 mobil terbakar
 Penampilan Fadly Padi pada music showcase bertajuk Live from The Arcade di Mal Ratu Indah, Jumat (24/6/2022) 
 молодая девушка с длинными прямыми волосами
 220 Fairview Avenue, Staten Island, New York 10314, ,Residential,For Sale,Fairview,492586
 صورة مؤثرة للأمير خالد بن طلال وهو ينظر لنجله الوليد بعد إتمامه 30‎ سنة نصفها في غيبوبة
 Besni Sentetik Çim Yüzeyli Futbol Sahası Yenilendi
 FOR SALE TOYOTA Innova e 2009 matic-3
...
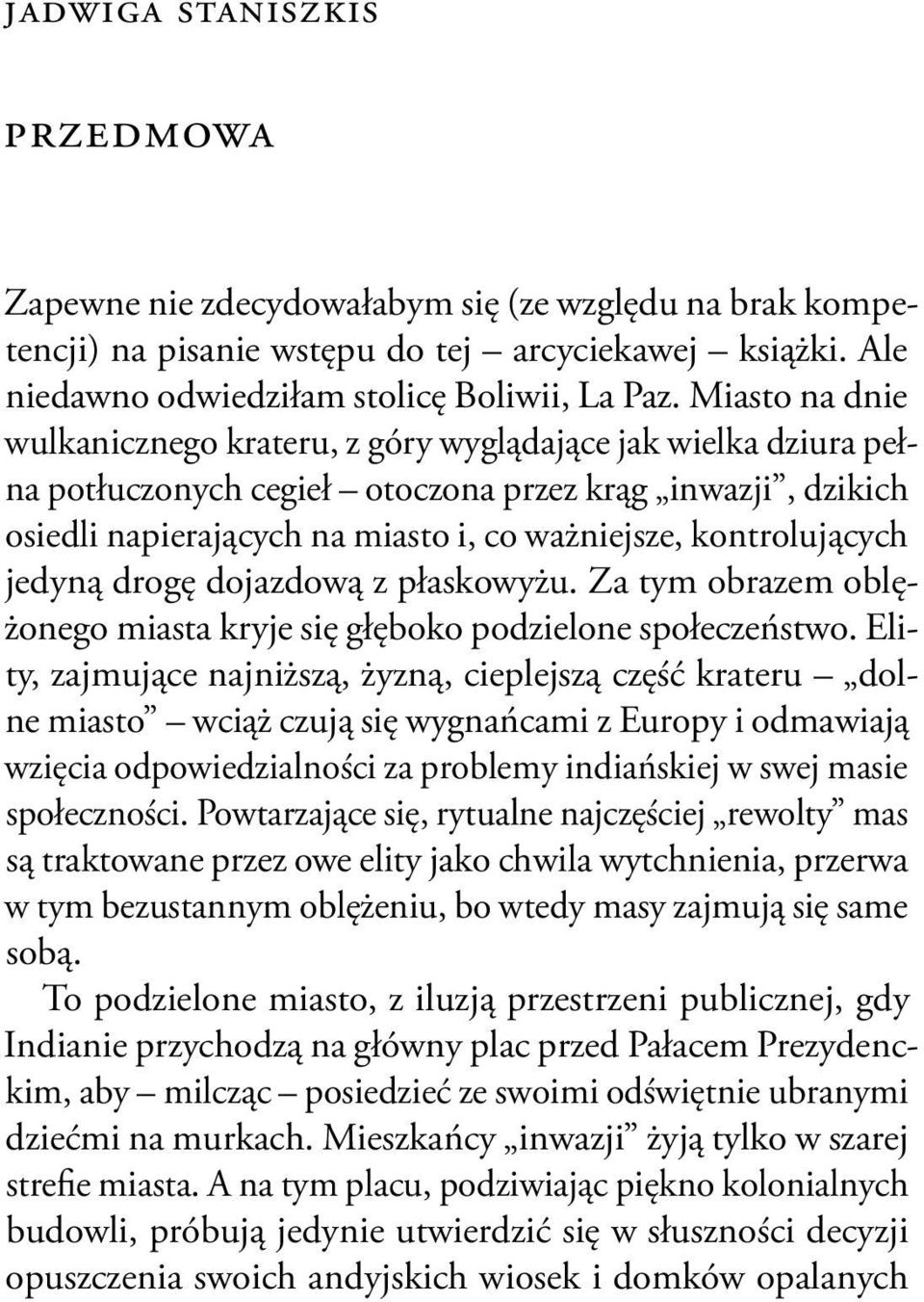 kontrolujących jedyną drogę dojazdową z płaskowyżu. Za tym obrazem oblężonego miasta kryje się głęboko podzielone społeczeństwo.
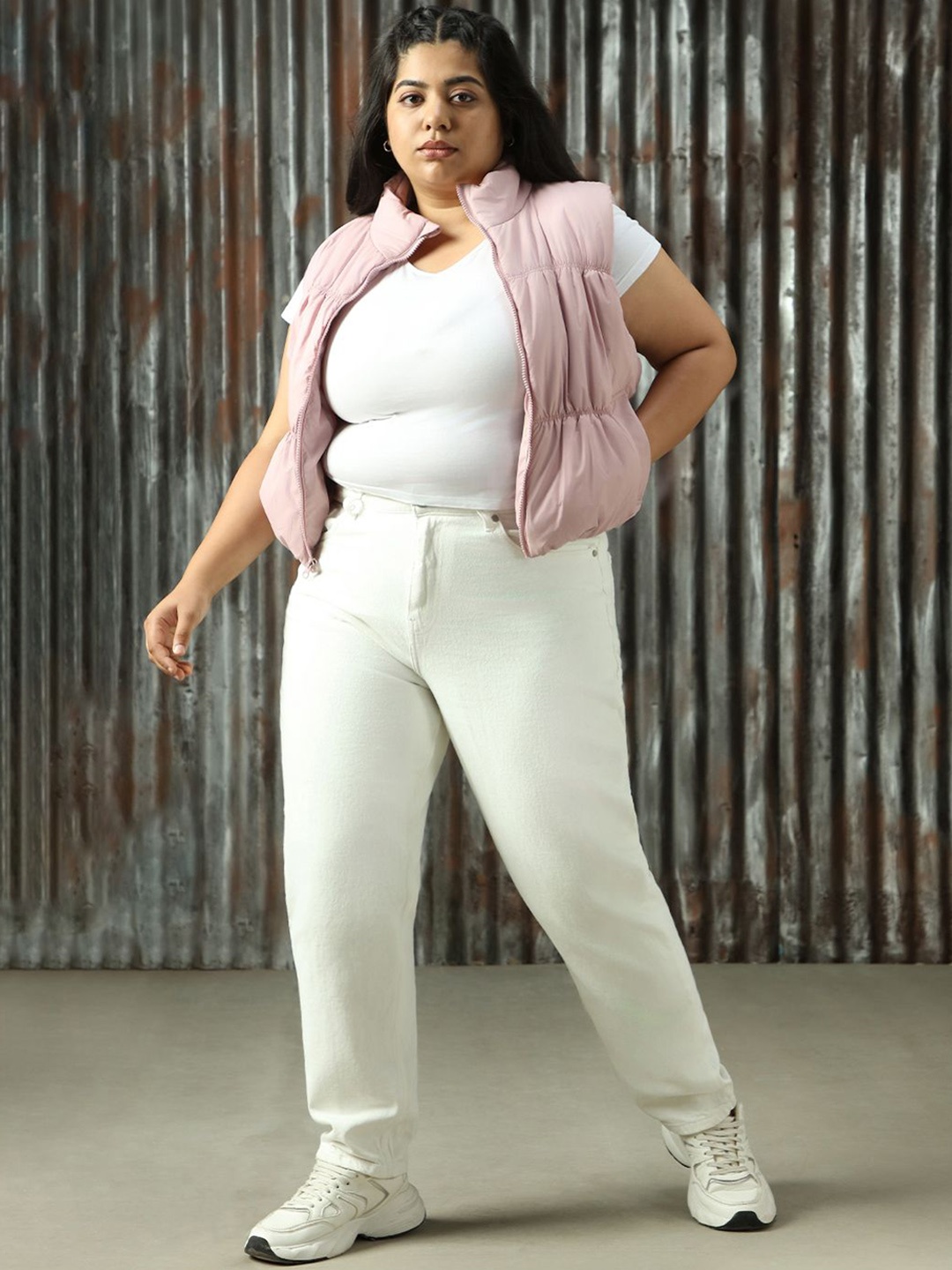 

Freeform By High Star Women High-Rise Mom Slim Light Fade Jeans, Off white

### Task to complete
Considering only the material above, set down every line from the one with "صورة مؤثرة للأمير" to the one with "FOR SALE TOYOTA Innova e 2009 matic-3", inclusive, exactly as written.

### Exercise result
 صورة مؤثرة للأمير خالد بن طلال وهو ينظر لنجله الوليد بعد إتمامه 30‎ سنة نصفها في غيبوبة
 Besni Sentetik Çim Yüzeyli Futbol Sahası Yenilendi
 FOR SALE TOYOTA Innova e 2009 matic-3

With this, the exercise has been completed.